• _The input_:

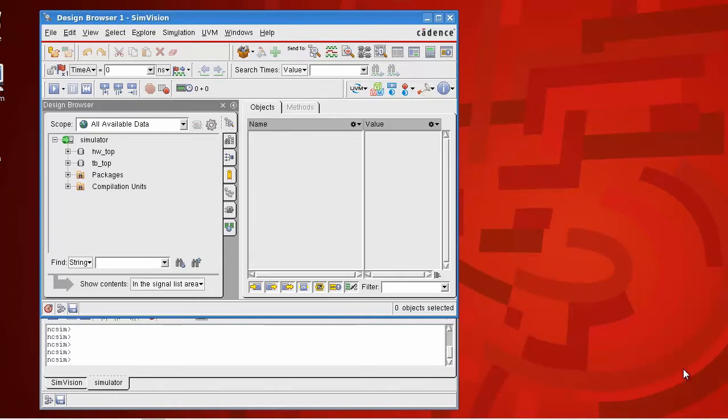Hi, my name is Brian Dickinson. I'd like to show you how to use the UVM Register Viewer in Incisive to help you debug your register models.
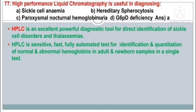Question number 77. High-performance liquid chromatography is useful in diagnosing — the answer is option A: Sickle cell anemia. HPLC is an excellent and powerful diagnostic tool for direct identification of sickle cell disorders and thalassemias. It is a sensitive, fast, fully automated test for identification and quantitation of normal and abnormal hemoglobins in adult and newborn samples in a single test.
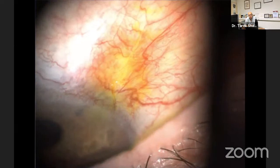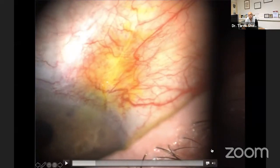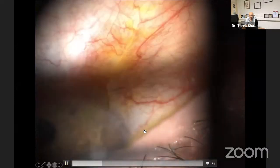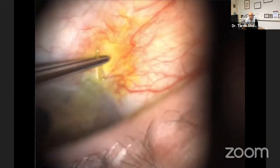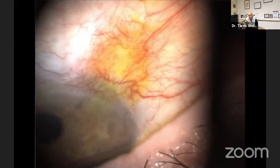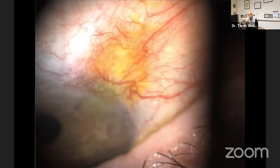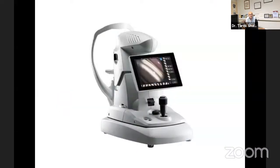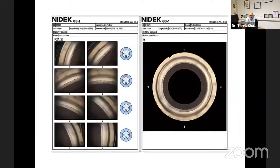A practice where you are not doing gonioscopy at least once a day is a loss. Here is a Xen implant that eroded through the conjunctiva — we retrieved it with tying forceps. Interestingly, the patient remained hypotonic even after implant removal. Gonioscopy provided the clue: the implant left behind a cycloidochoroidal cleft that required surgical revision to restore normal pressure.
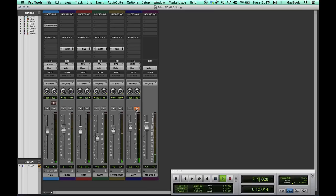Let's listen to a few of the presets that come with AD480. I'll route just the snare drum through at a slow tempo.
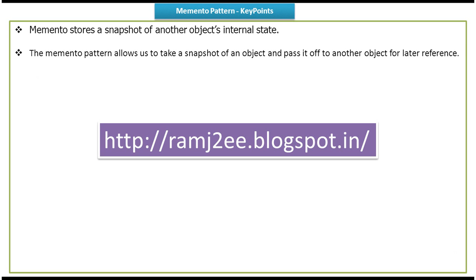I have put together all these key points and sample code of Memento Design Pattern in my blog called ramj2e. You can just visit this site and you can get the key points and sample code from this site. And this is about Memento Design Pattern key points.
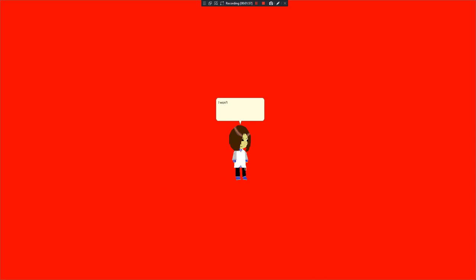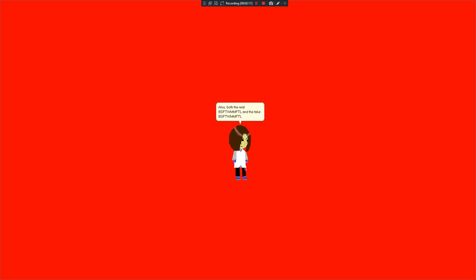I won't let anyone make fake versions of my friends without permission. Curse you someone who made a fake version of my past employee. Also, both the real BSFTWMMFTL and the fake BSFTWMMFTL suck. No seriously, curse you someone who made a fake version of my past employee who has been doing bad things in the past.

• _Task details_:
The entries are to be transcribed word for word, without their images.

• _Response area_:
Hi, my name is Brian Dickinson. I'd like to show you how to use the UVM Register Viewer in Incisive to help you debug your register models.
Question number 77. High-performance liquid chromatography is useful in diagnosing — the answer is option A: Sickle cell anemia. HPLC is an excellent and powerful diagnostic tool for direct identification of sickle cell disorders and thalassemias. It is a sensitive, fast, fully automated test for identification and quantitation of normal and abnormal hemoglobins in adult and newborn samples in a single test.
A practice where you are not doing gonioscopy at least once a day is a loss. Here is a Xen implant that eroded through the conjunctiva — we retrieved it with tying forceps. Interestingly, the patient remained hypotonic even after implant removal. Gonioscopy provided the clue: the implant left behind a cycloidochoroidal cleft that required surgical revision to restore normal pressure.
Let's listen to a few of the presets that come with AD480. I'll route just the snare drum through at a slow tempo.
I have put together all these key points and sample code of Memento Design Pattern in my blog called ramj2e. You can just visit this site and you can get the key points and sample code from this site. And this is about Memento Design Pattern key points.
I won't let anyone make fake versions of my friends without permission. Curse you someone who made a fake version of my past employee. Also, both the real BSFTWMMFTL and the fake BSFTWMMFTL suck. No seriously, curse you someone who made a fake version of my past employee who has been doing bad things in the past.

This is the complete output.